*** Opening INFORMATION PROVIDED ***

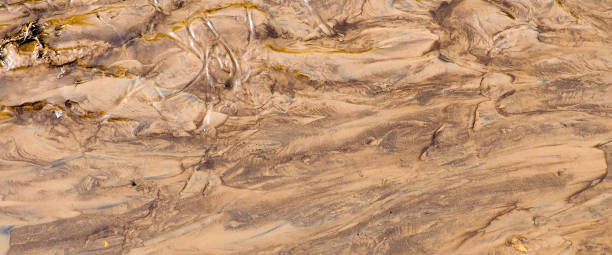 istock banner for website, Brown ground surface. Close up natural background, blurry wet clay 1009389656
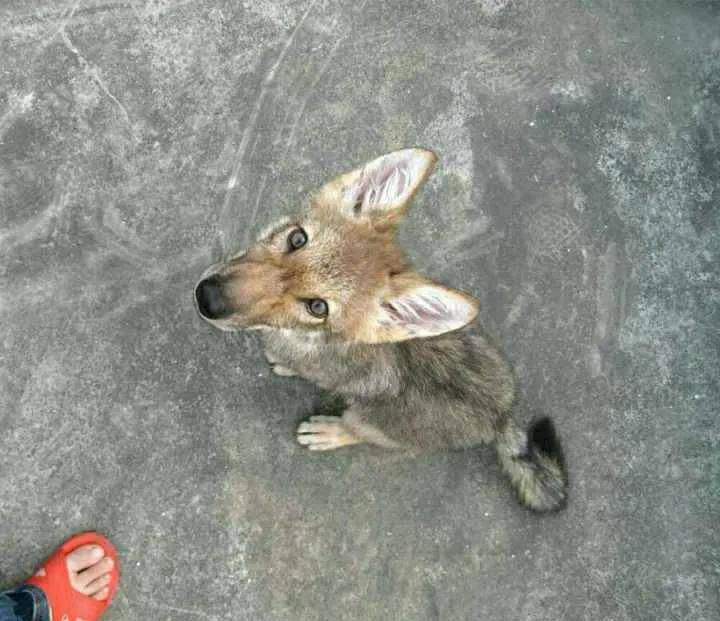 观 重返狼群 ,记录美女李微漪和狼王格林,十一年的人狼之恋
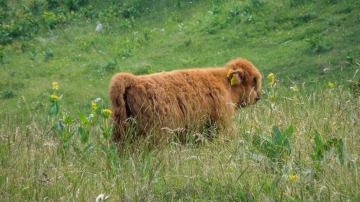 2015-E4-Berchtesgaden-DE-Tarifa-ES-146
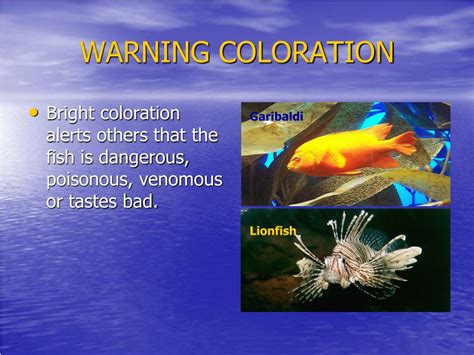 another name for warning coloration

*** Closing INFORMATION PROVIDED ***

[TASK TO COMPLETE]:
Your copy should hold all the data word for word. It should hold no pictures.

[FINISHED TASK]:
 istock banner for website, Brown ground surface. Close up natural background, blurry wet clay 1009389656
 观 重返狼群 ,记录美女李微漪和狼王格林,十一年的人狼之恋
 2015-E4-Berchtesgaden-DE-Tarifa-ES-146
 another name for warning coloration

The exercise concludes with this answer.